What To Do After Your Child Quits Jiu-Jitsu

So, you went through all of the steps in my previous article (What To Do When Your Child Wants To Quit Jiu-Jitsu), but you were unable to stop your child from quitting jiu-jitsu. 

What do you do now?


Shake your fists at the heavens and scream “Why, God?!? Why?!?”

Choke him?

You can if you want, but these tips might be a little more helpful (and legal).   

Respect his decision

As counterintuitive as it sounds, the best thing you can do is respect your child’s decision.  Fighting with him will only strengthen his resolve to stay away from the art.    

You also need to remember that quitting will not necessarily serve as the death knell of his jiu-jitsu career.  Plenty of people start jiu-jitsu again after quitting. 

Case in point: Kron Gracie.  At twelve or thirteen years old, the son of the legendary Rickson Gracie quit jiu-jitsu to pursue skateboarding.  Today he is an ADCC gold medalist with black belts in judo and jiu-jitsu. 

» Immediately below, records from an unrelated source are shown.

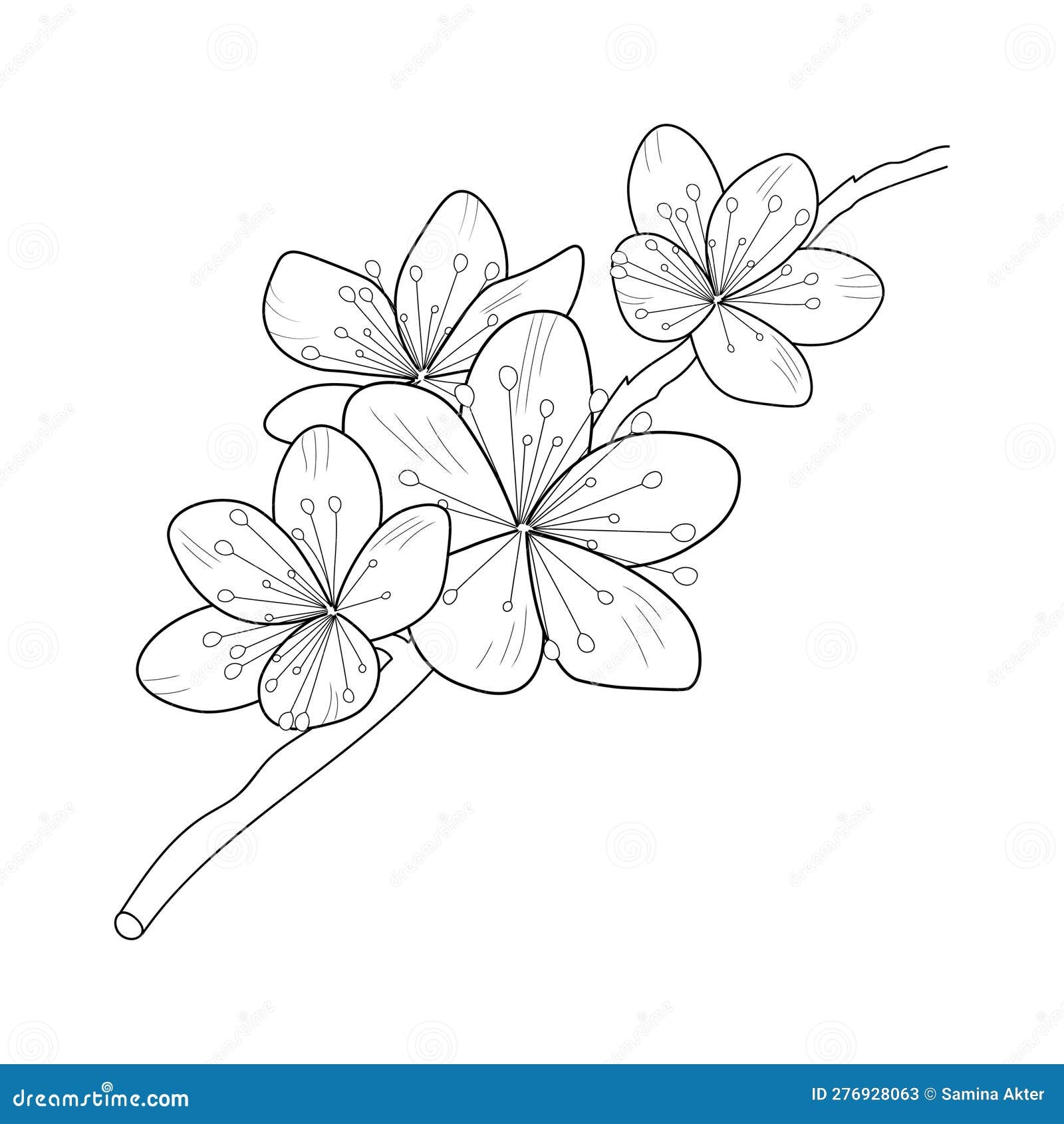 Chinese Flower Printable Free Tattoo Easy Drawings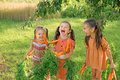 Three laughing humorous girls pulled out bunch of fresh ripe carrots in garden. - PhotoDune Item for Sale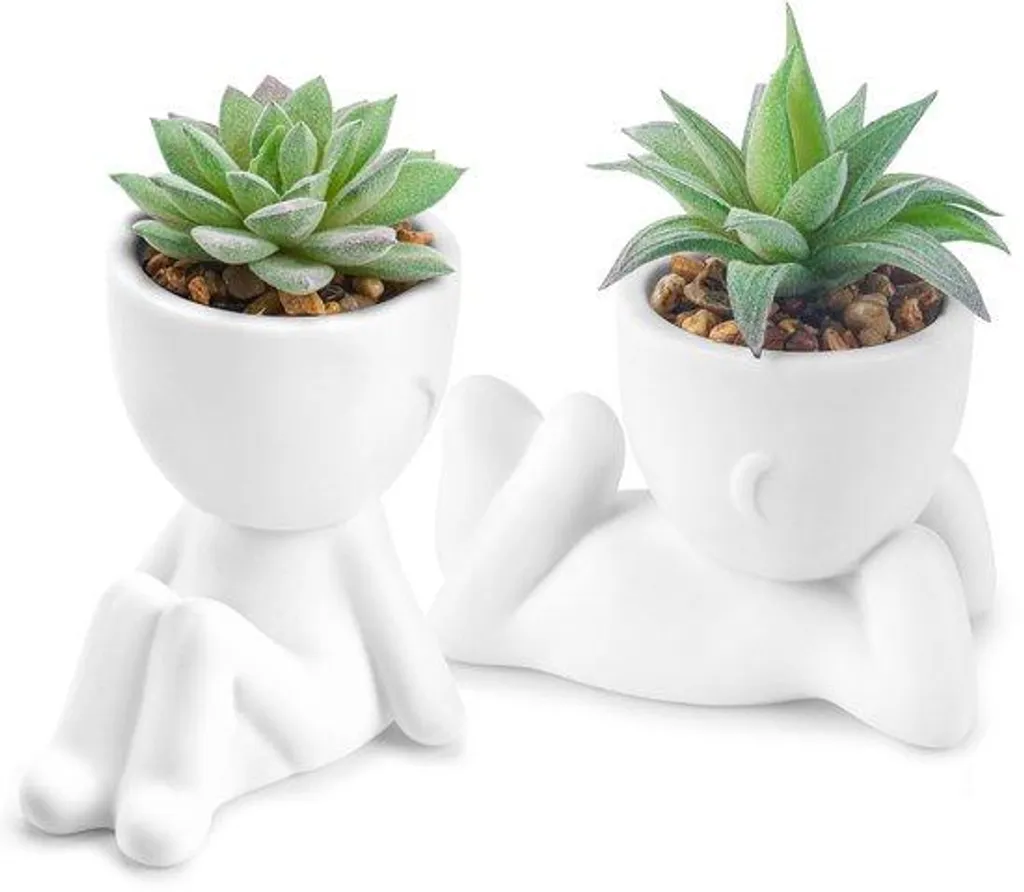 Lot de 2 plantes grasses artificielles en pot blanc pour déco murale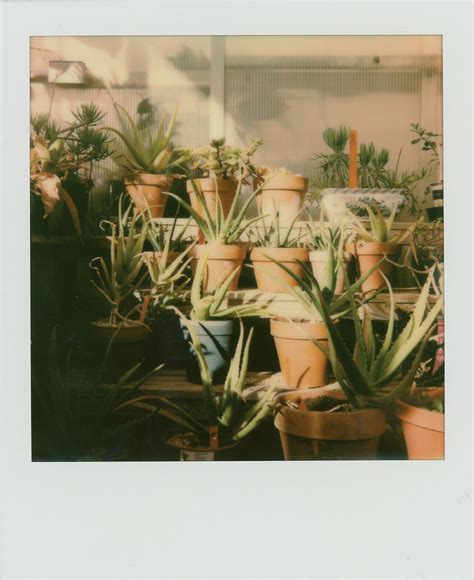 Image result for Using Polaroid One Step Settings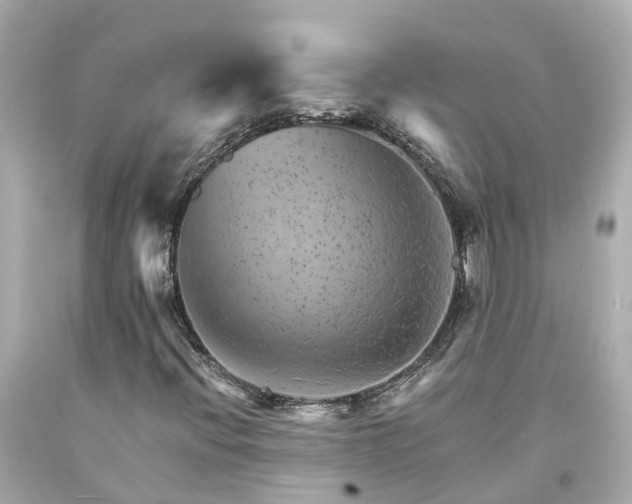 X0000094181396200711020954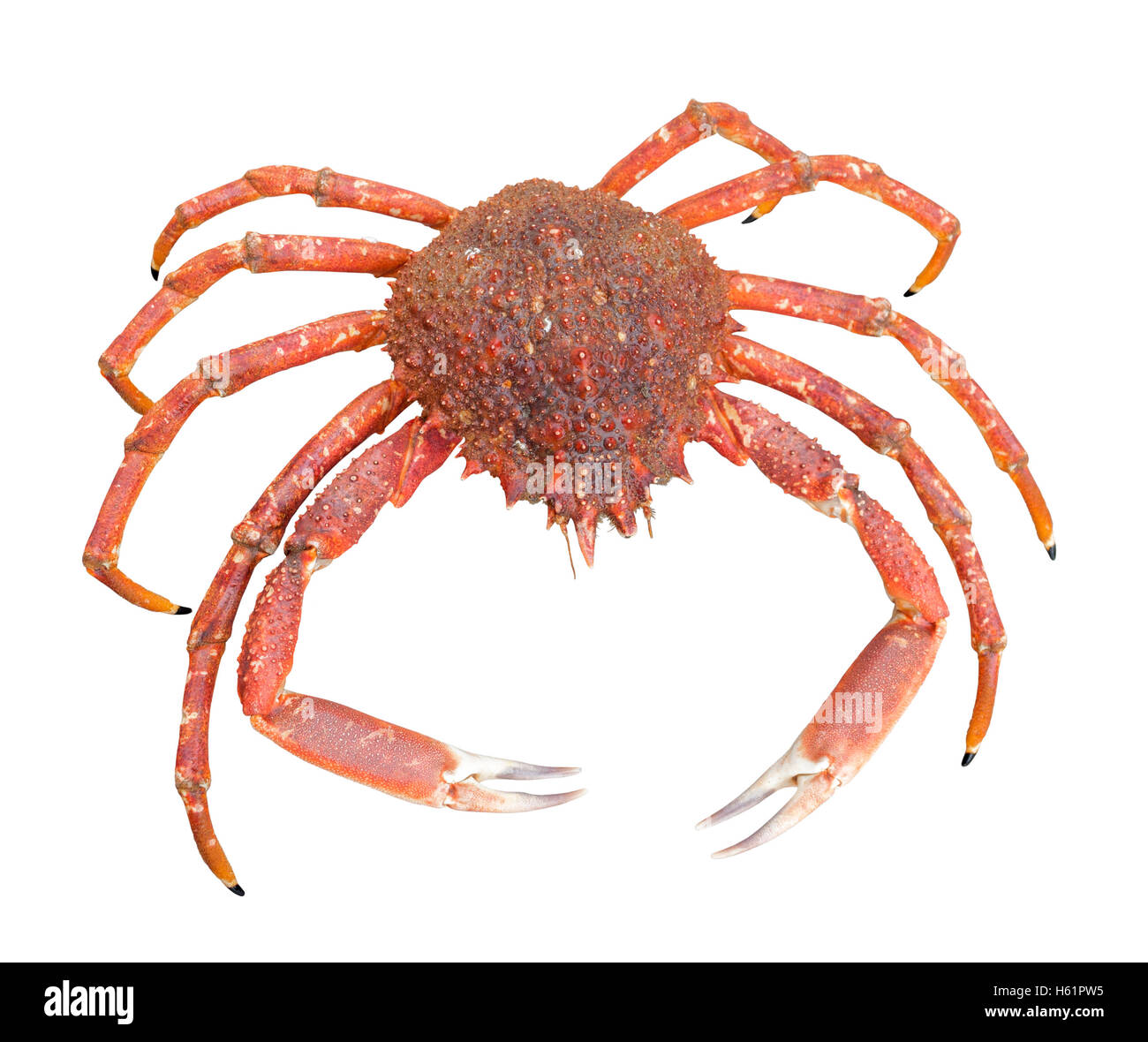 a european spider crab in white back Stock Photo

Quitting may simply be a speed bump in your child’s jiu-jitsu career.  Do not fool yourself into thinking it is a wall.   

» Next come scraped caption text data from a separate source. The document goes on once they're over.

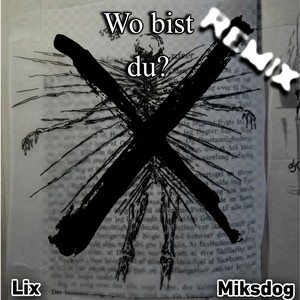 Wo bist du? (Sped Up) (Remix)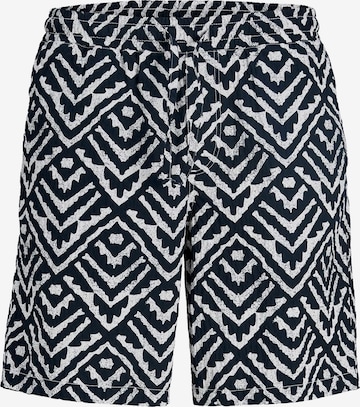 JACK & JONES Свободный крой Штаны 'JPSTJaiden' в Синий: спереди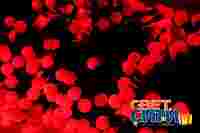 Гирлянда для деревьев "Клип Лайт Шарики" Красные диоды 399шт с шагом 15см, 3 нити по 20 метров, черный провод, свечение с динамикой, 24В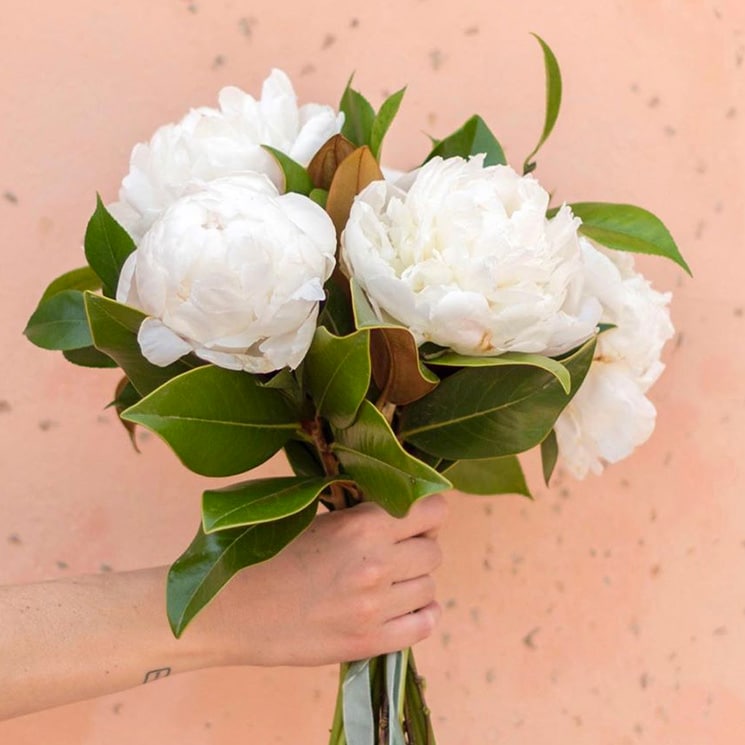 Ramos De Novia Para Chicas Que Quieren Flores Blancas En Su Gran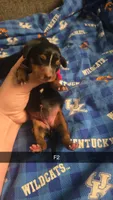 Indigo, a female Dachshund for sale in London, KY – 2 of 2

Remind her that she can always come back

You daughter needs to know jiu-jitsu’s doors are open to everyone, even those who quit.    

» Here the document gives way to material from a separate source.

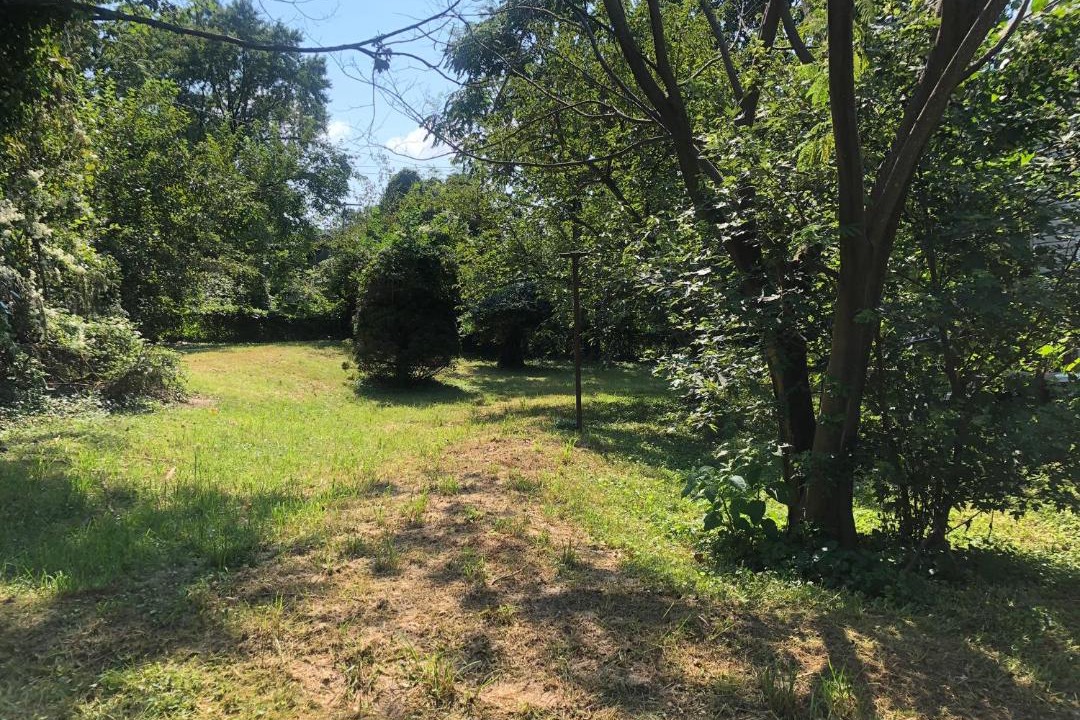 Photo of Outdoor in Cedmont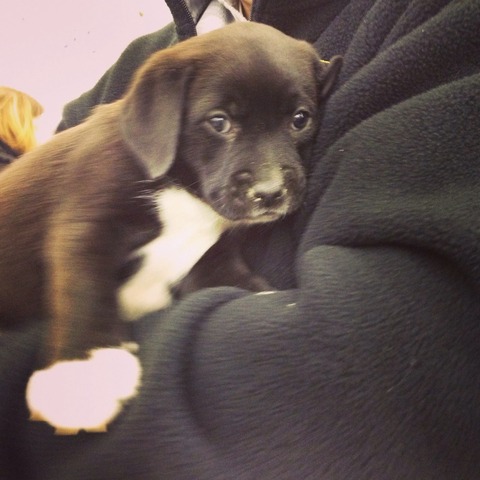 Recibí mi otro perrito, Halie.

Tell her that all of her friends in jiu-jitsu miss her and hope to see her again soon.  Let her know that her instructor says “hi.”  You may even want to suggest inviting her to a competition so that she can cheer her friends on.     

If he does go back, don’t be a sore winner

If your child does decide to go back to jiu-jitsu, do not make him feel like you were right and he was wrong for quitting. 

Statements like “I knew you’d come back” accomplish nothing besides making him feel like you beat him in some type of contest of the wills.  It could even rekindle his desire to quit. 

Also, do not overreact.  Screaming “I’m so happy you’re going back” at the top of your lungs and giving him a huge bear hug will just make him uncomfortable.    

Instead of responding with excitement or a humilating “Told you so,” act like he never quit in the first place. 

Simply ask him when he would like to go back and offer him a ride.